My rats never climbed out of the bin when the doors are closed. They can't do it because I cut just a tiny bit out of the smaller sides. When the doors are open they play in that space. Looks like a lot of fun for them. I don't mind it at all, and so far I didn't put anything on the wires.


----------



## Felix (Oct 25, 2015)

*thanks  *do you have a CN? I have the second floor on the highest notch now; does that sound right? the ramp wasn't going down all the way properly on any of the other notches...


----------



## BlackoutCat (Jan 23, 2016)

Can anyone post pics of their pans _in_ their cages? I'd love to see the urine guards too. I'm considering the investment of a bass pan for my lowest level but I'd like to see how far up the sides they do come and how they sit in the cage. One of my boys is particularly aggressive towards my cats and is jamming his face as far between the bars as possible or lunging (thereby smashing his face) into the side of the cage to attack. I can't see that being good so I strap cardboard around the outside of the bottom so they don't see each other but I'm going to run out of cardboard at the rate it gets "loved" by the boys. My curious cat is just confused while my elder cat ignores them. I actually am keeping the rats/cats separated for free range mainly for fear of what the rat would do to the cat not the other way around! I wouldn't trust it regardless but boy is that little guy aggressive! 

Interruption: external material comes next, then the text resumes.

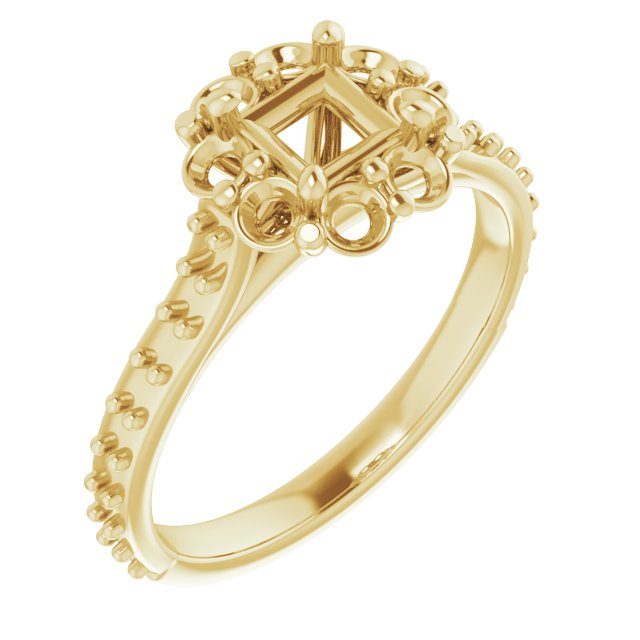Halo-Style Floral Engagement Ring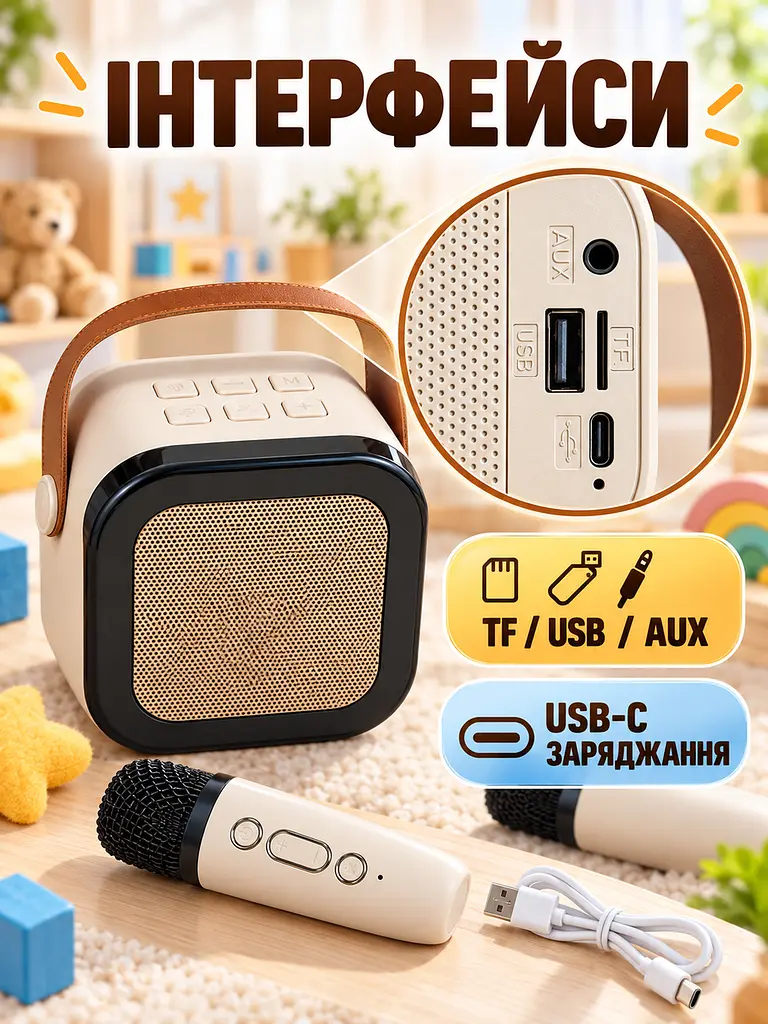 Караоке-колонка Bluetooth с 2 микрофонами, RGB-подсветкой, 10 Вт бежева (49676425) - фото 6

I'm only looking into Bass pans though because they eat plastic at a prodigious rate and those mixing tubs look like a feast!


----------



## raindear (Mar 3, 2015)

There are a couple pics of DCNs with Bass pans on page 11 of the Ferret and Critter Nation pics thread, if that helps. They do have 2 depths: 2 1/2" and 3", I'm not sure but think the pics show the 2 1/2" pans.


----------



## rats-alive-at-55 (Jul 16, 2015)

I am using the home depot cement mixing pan for the bottom of my DCN. However, the girls sometimes decide to carry the aspen shavings to the upper levels and the stuff gets everywhere, in and outside of the cage. I don't put fleece on my pans either, for the same reasons mentioned above. It is easier to take out a shelf or pan, dump off the debris, and give it a quick spray and wipe. With fleece, I had to take out the pan/shelf in order to remove the clips holding the fleece, usually trash the chewed up fleece, and I still had to clean the plastic pans. I do have at least three fleece hammock type things in there for them to snuggle in.


----------



## rats-alive-at-55 (Jul 16, 2015)

I made a couple of small ledges out of wood to cover the exposed cut parts of the tub. I also don't use the ramps while the rats are young and agile. I have a ladder I attached to the opening in the top of my DCN and it goes down to the ledge. I made a smaller shelf they can use to get to the shelf on the bottom level, but they usually just climb up the cage sides to access the shelf above the cement tub.


----------



## Gribouilli (Dec 25, 2015)

Felix said:


> *thanks  *do you have a CN? I have the second floor on the highest notch now; does that sound right? the ramp wasn't going down all the way properly on any of the other notches...


I have the second floor on the middle notch. The ramp is fitting properly, just push the ramp 1/4 inch on the left and it would sit perfectly- at least it does here. Let me know.


----------



## jlhummel (Oct 23, 2014)

I'm doing the same thing with the cement mixing tray. I trimmed the edge with a jigsaw but it could be done with a handsaw or tinsnips.

I use carpet squares on the top level of my CN cage. I get them at the dollar store and they go in the wash each week. So far one set has lasted about a month.


----------